Wash and sterilize jars....Place lids in pan of hot water...Prepare asparagus, cloves of garlic....hot peppers.


Simmer together...
3/4 cup sugar
1/2 cup canning salt
1 quart water
1 quart vinegar
3 tablespoons pickling spice...tied in cheesecloth or in tea/spice ball
Simmer 15 minutes


Place garlic cloves, a couple dried or fresh hot peppers in hot jars....[both to taste]
Arrange asparagus in jars...
Add a scant 1/8 tsp alum if desired [for crispness]
Fill jars with hot liquid....
Wipe rim, place hot sterilized lids and tighten rings...


Process 5 minutes...
Yield: 7 pints.*Edited by: Northern Winos *


----------



## Wade E (Jun 20, 2007)

That sounds good NW.


----------



## Waldo (Jun 20, 2007)

It dang shure does !!! My gawd..Im drooling !!!!


----------



## grapeman (Jun 20, 2007)

I would have never thought of that one NW! Sounds good-have you tried it before?
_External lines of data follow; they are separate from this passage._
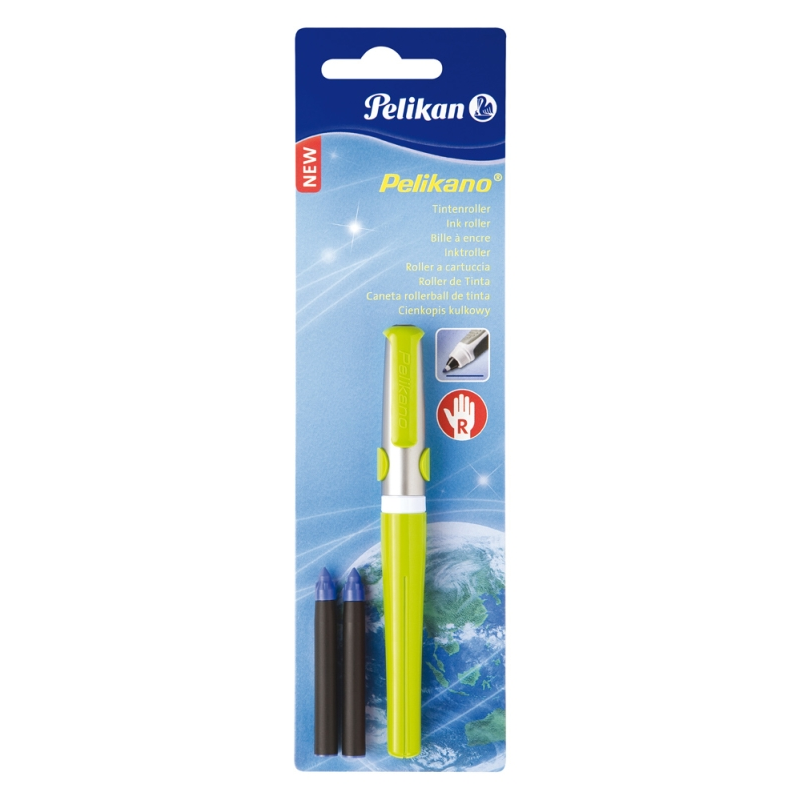 Roller Pelikano Verde Grip Pentru Dreptaci 2 Rezerve Albastre Blister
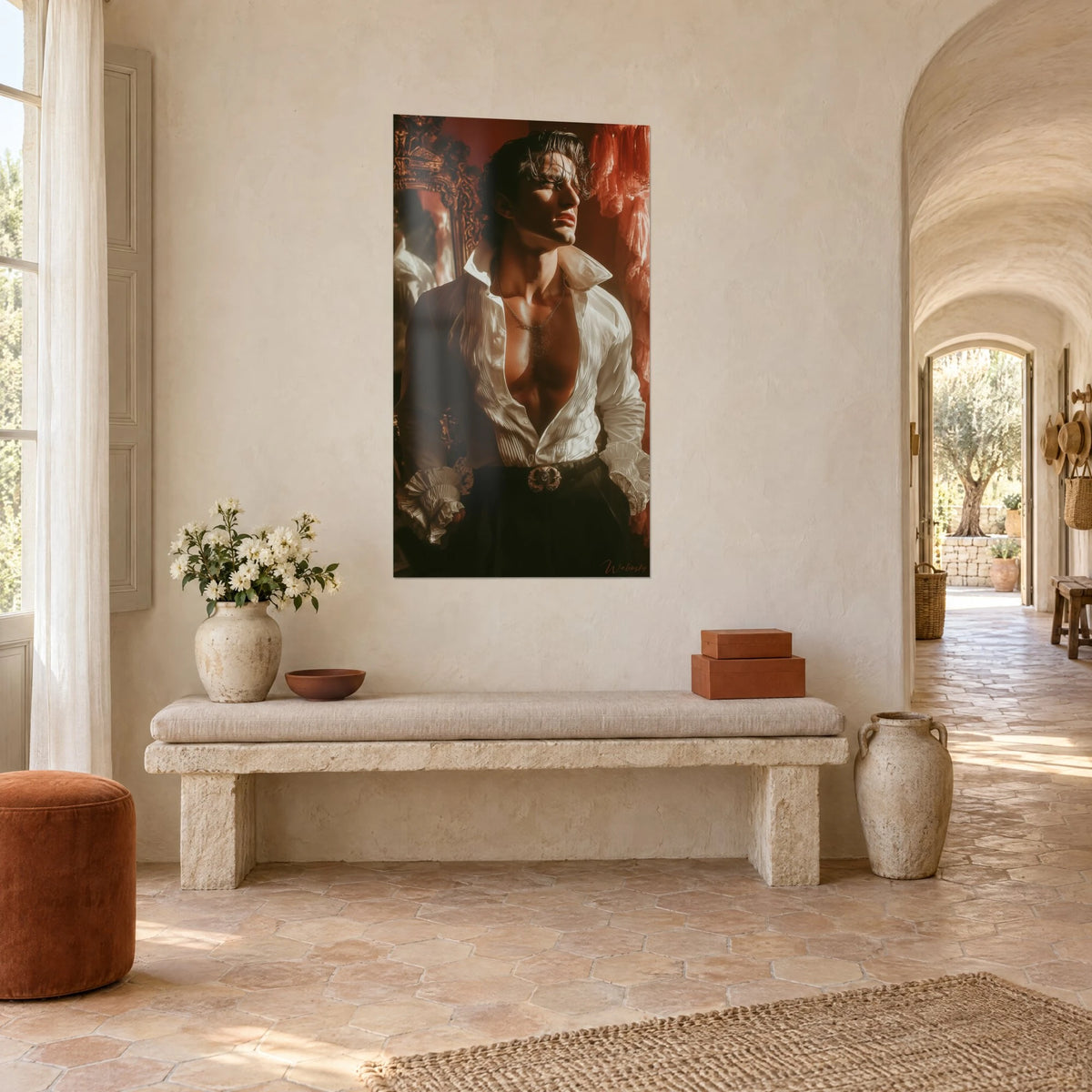 Cuadro retrato masculino, cuello blanco plisado alto, espejo dorado y cortinas coral, en un pasillo abovedado del mas provenzal
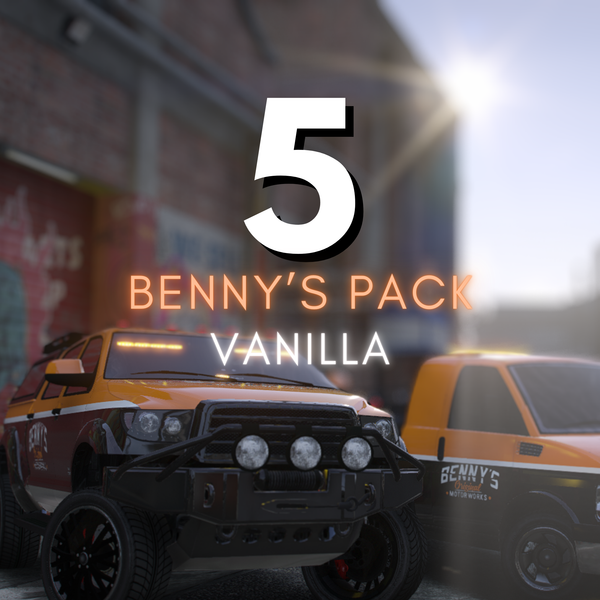 FiveM Ready Benny's Mechanics Tow Vanilla Pack | 5 Vehicles | Templates | GTA 5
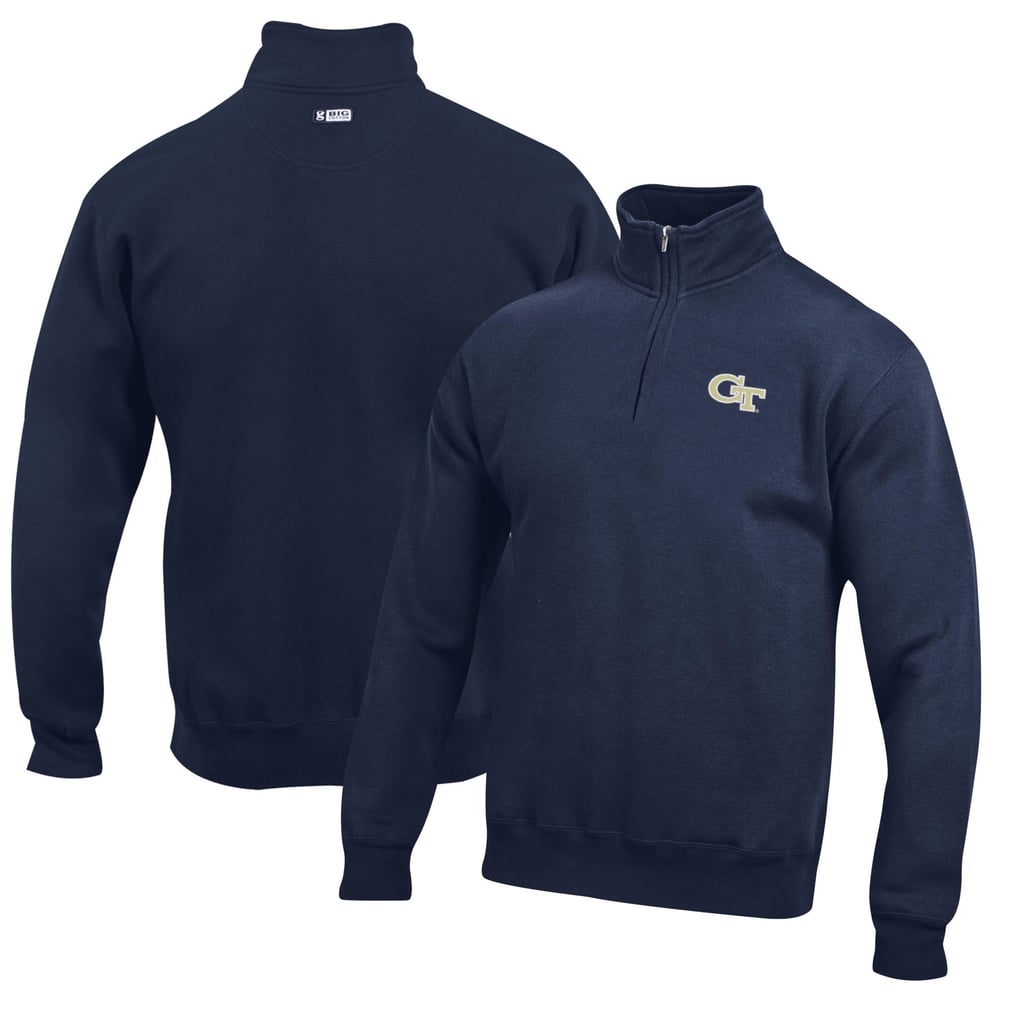 Georgia Tech Yellow Jackets Big Cotton Quarter-Zip Pullover Sweatshirt - Navy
Does the asparagus produce the same results pickled as fresh or steamed? (smelly-P syndrome)


----------



## NorthernWinos (Jun 20, 2007)

Have had pickled asparagus before and it is great. 


As for the P-syndrome...If you pick it white or near white, before it is tall and green you don't get the essence. I think that affects some people more than others.


----------